### Brief:
With images excluded, write out each entry below exactly as given.

### Data provided:
────────

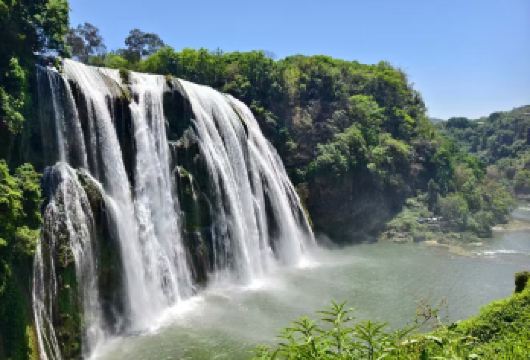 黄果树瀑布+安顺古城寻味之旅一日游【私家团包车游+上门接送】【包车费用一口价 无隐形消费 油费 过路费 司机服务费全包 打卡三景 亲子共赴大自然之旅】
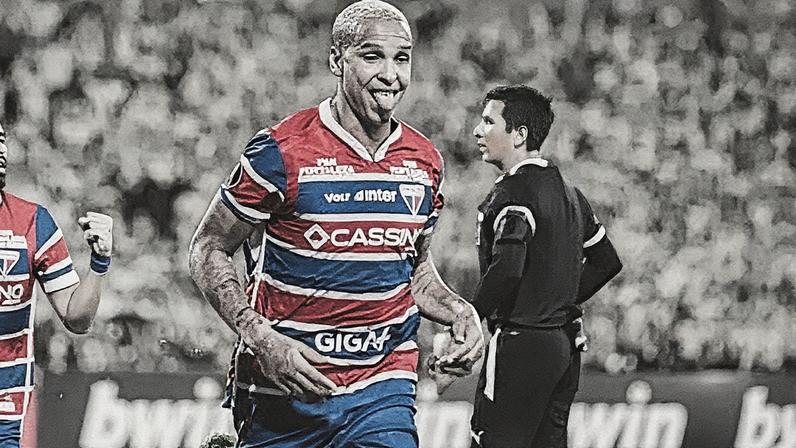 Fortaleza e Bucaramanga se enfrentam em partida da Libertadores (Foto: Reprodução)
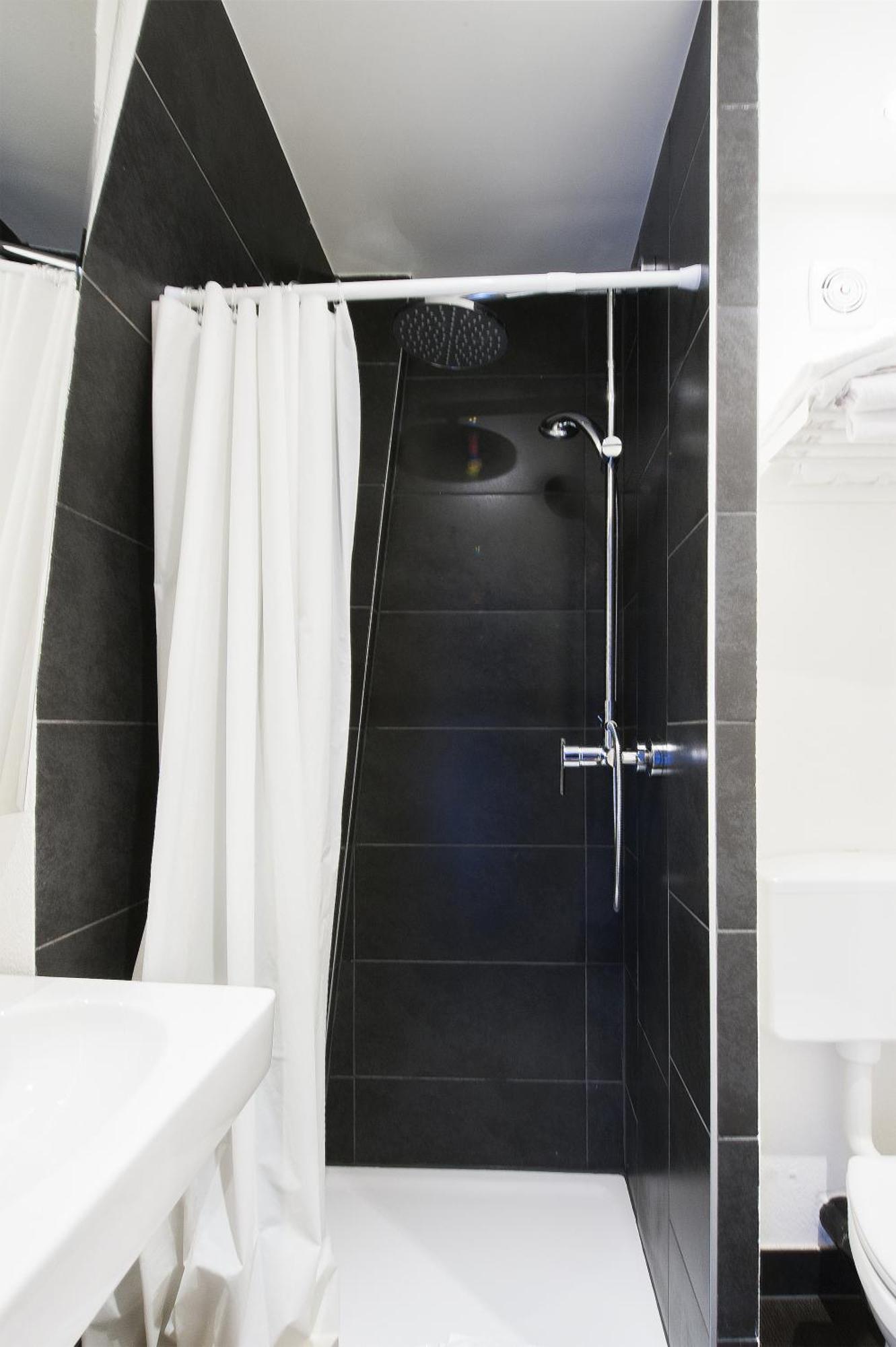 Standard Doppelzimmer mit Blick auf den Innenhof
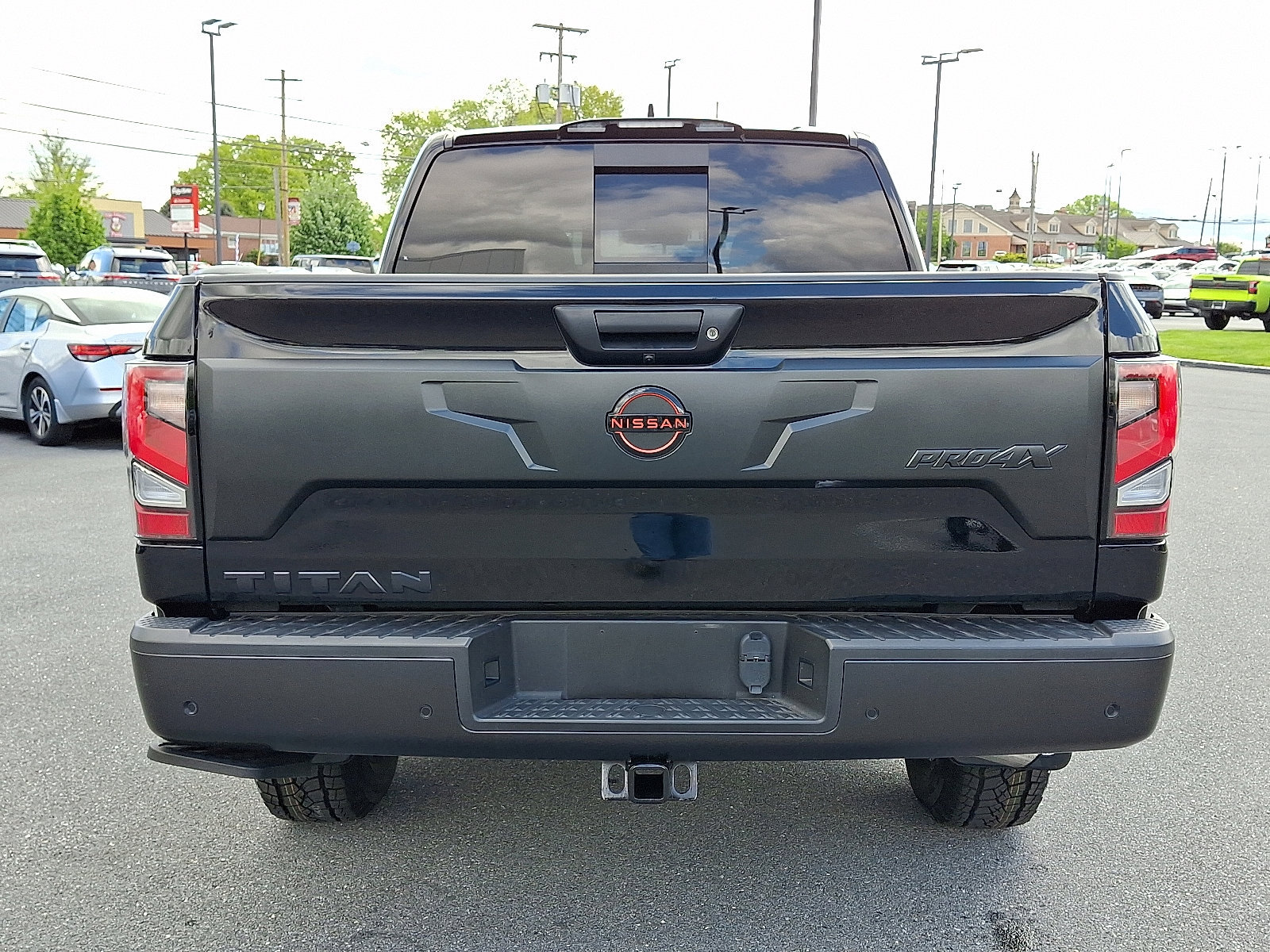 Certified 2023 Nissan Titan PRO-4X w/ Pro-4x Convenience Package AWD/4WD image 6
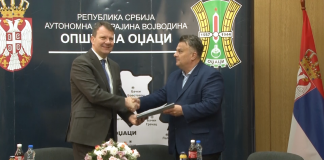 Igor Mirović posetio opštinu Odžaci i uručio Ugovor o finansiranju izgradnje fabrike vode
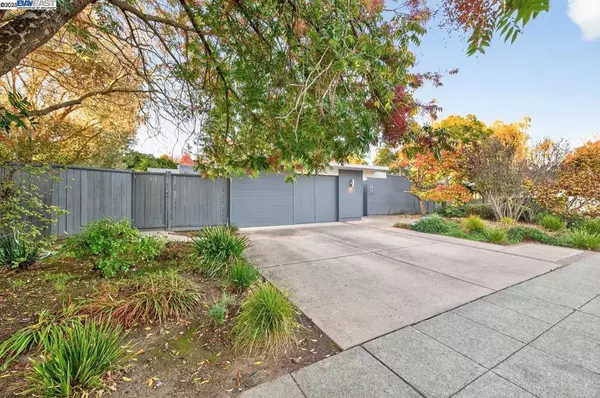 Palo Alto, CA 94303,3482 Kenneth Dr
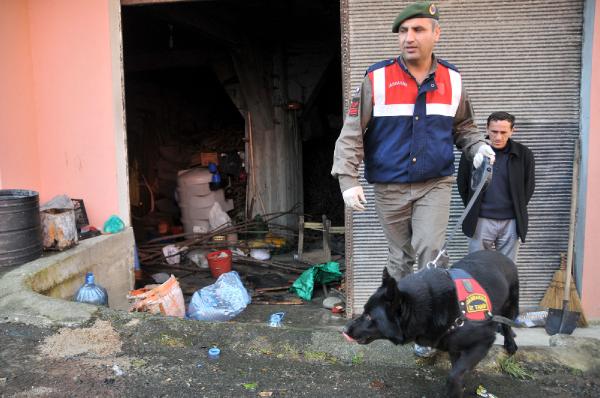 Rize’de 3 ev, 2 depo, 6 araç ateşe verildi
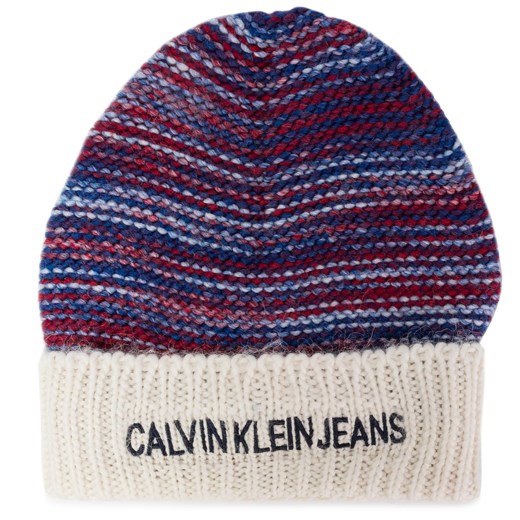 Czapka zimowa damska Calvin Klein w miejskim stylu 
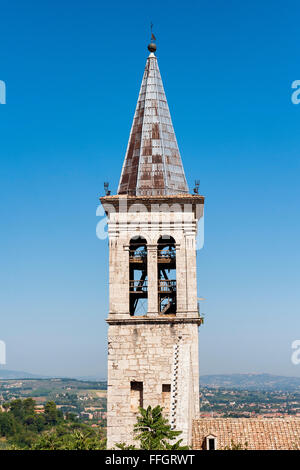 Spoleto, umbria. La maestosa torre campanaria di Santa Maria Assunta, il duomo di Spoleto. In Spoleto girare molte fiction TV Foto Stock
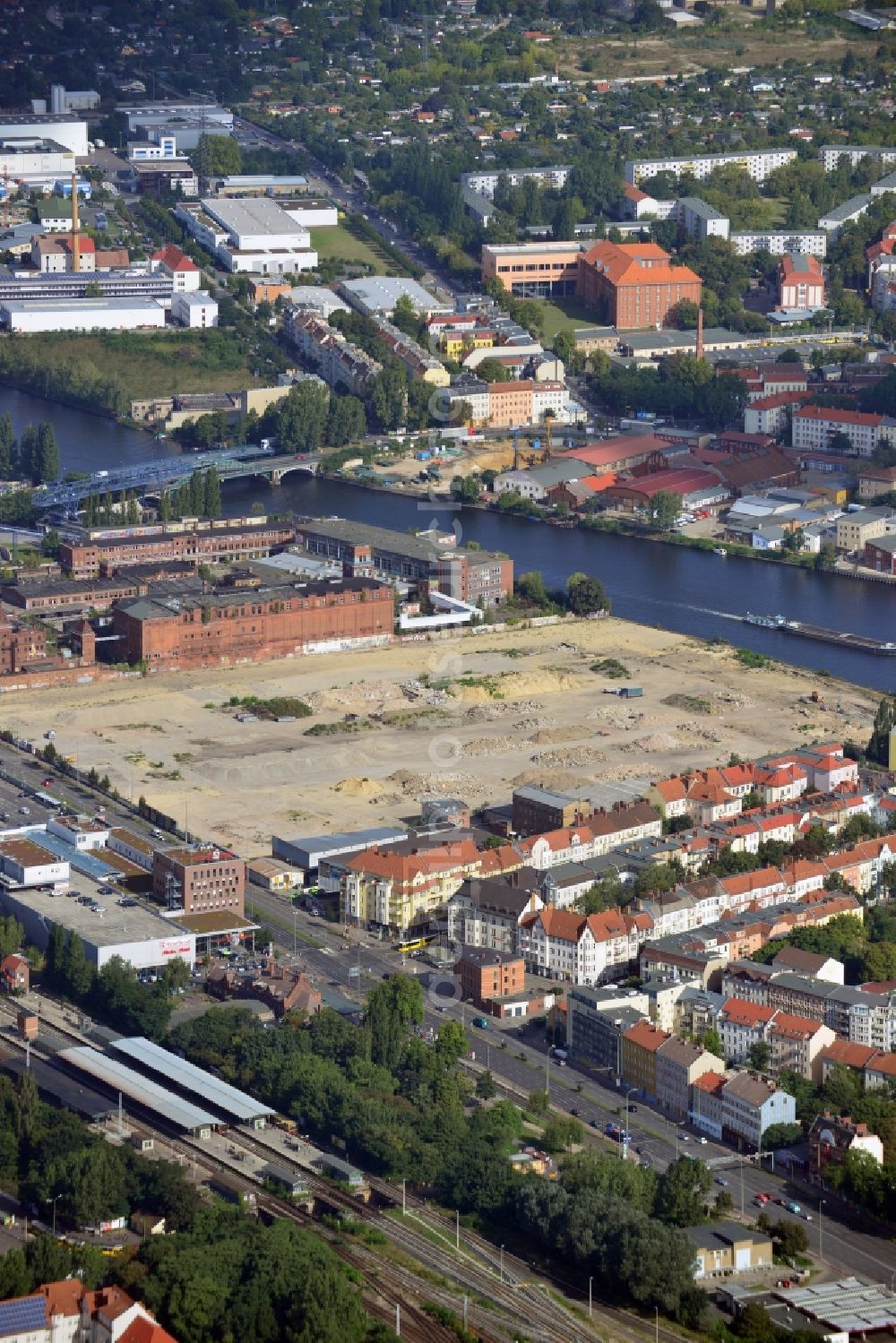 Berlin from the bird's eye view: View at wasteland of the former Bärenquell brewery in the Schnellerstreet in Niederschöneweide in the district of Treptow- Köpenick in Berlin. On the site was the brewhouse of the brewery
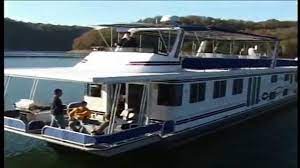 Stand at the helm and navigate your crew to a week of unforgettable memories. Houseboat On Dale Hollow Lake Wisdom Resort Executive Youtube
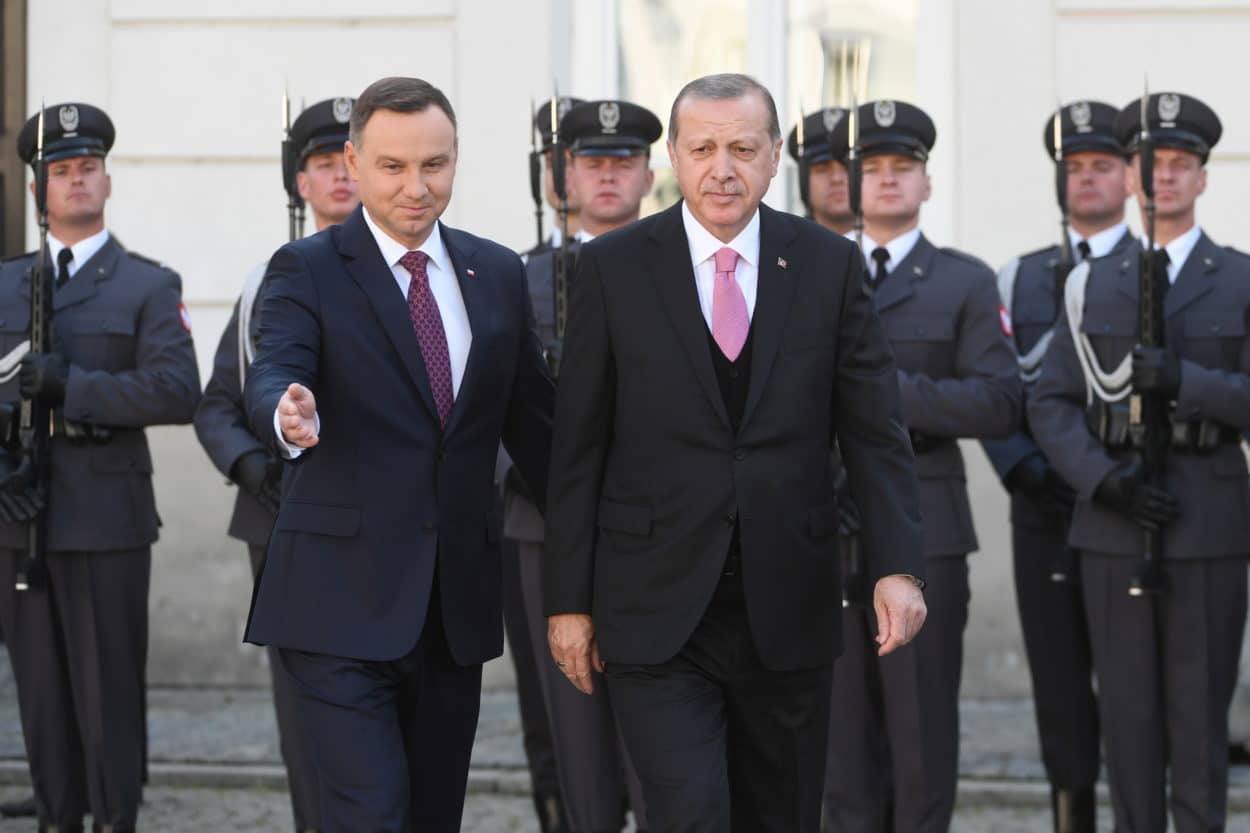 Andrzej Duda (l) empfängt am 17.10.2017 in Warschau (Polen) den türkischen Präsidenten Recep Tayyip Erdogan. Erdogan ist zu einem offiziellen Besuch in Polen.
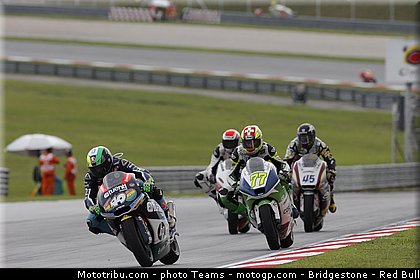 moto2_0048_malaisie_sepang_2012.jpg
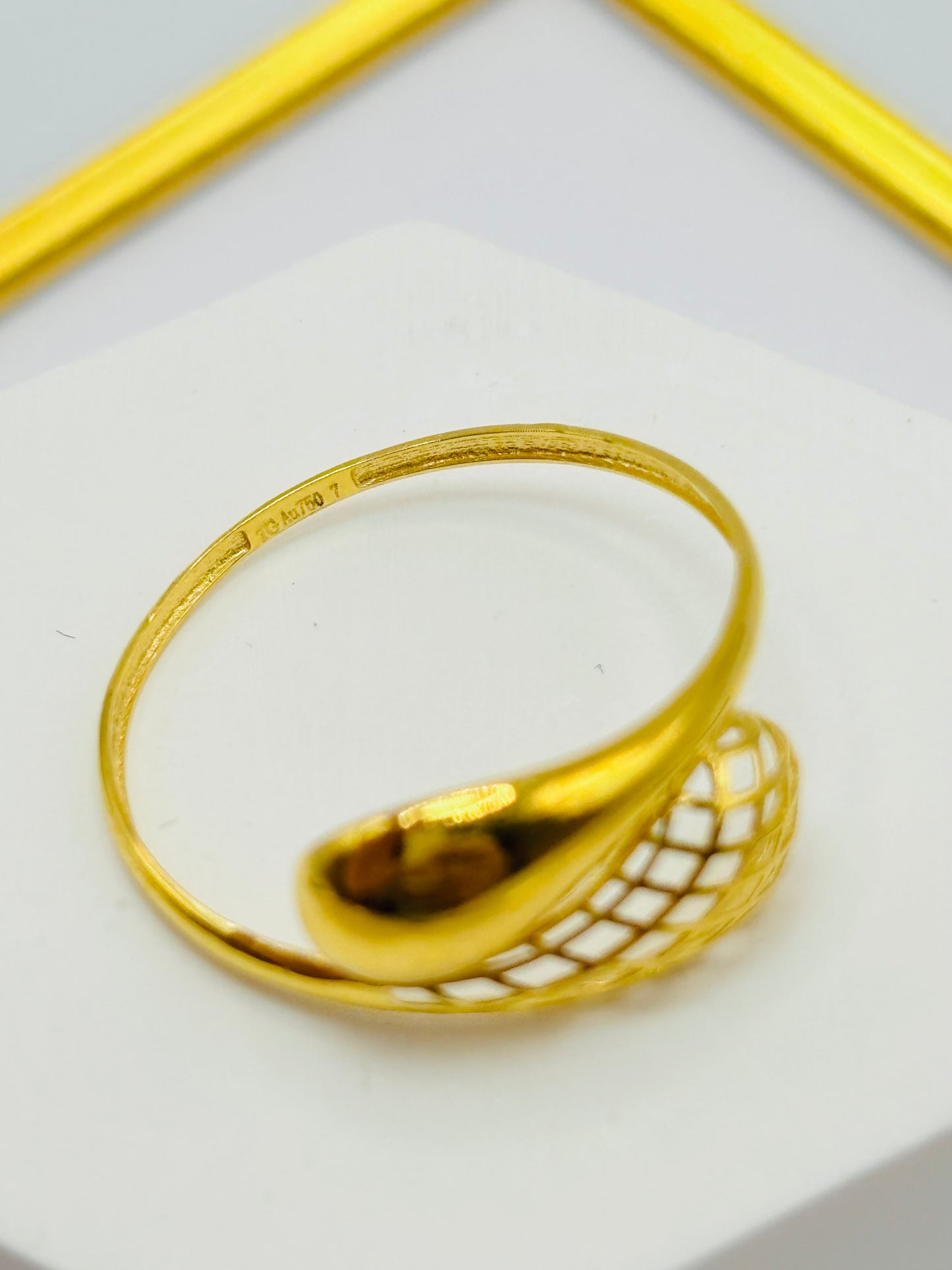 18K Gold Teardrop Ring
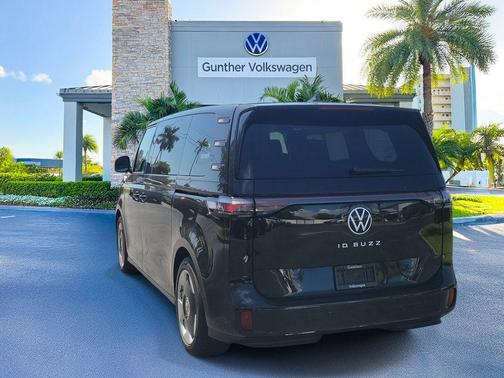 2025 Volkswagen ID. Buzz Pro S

────────

### Reply to the exercise:
 黄果树瀑布+安顺古城寻味之旅一日游【私家团包车游+上门接送】【包车费用一口价 无隐形消费 油费 过路费 司机服务费全包 打卡三景 亲子共赴大自然之旅】
 Fortaleza e Bucaramanga se enfrentam em partida da Libertadores (Foto: Reprodução)
 Standard Doppelzimmer mit Blick auf den Innenhof
 Certified 2023 Nissan Titan PRO-4X w/ Pro-4x Convenience Package AWD/4WD image 6
 Igor Mirović posetio opštinu Odžaci i uručio Ugovor o finansiranju izgradnje fabrike vode
 Palo Alto, CA 94303,3482 Kenneth Dr
 Rize’de 3 ev, 2 depo, 6 araç ateşe verildi
 Czapka zimowa damska Calvin Klein w miejskim stylu 
 Spoleto, umbria. La maestosa torre campanaria di Santa Maria Assunta, il duomo di Spoleto. In Spoleto girare molte fiction TV Foto Stock
 Berlin from the bird's eye view: View at wasteland of the former Bärenquell brewery in the Schnellerstreet in Niederschöneweide in the district of Treptow- Köpenick in Berlin. On the site was the brewhouse of the brewery
 Stand at the helm and navigate your crew to a week of unforgettable memories. Houseboat On Dale Hollow Lake Wisdom Resort Executive Youtube
 Andrzej Duda (l) empfängt am 17.10.2017 in Warschau (Polen) den türkischen Präsidenten Recep Tayyip Erdogan. Erdogan ist zu einem offiziellen Besuch in Polen.
 moto2_0048_malaisie_sepang_2012.jpg
 18K Gold Teardrop Ring
 2025 Volkswagen ID. Buzz Pro S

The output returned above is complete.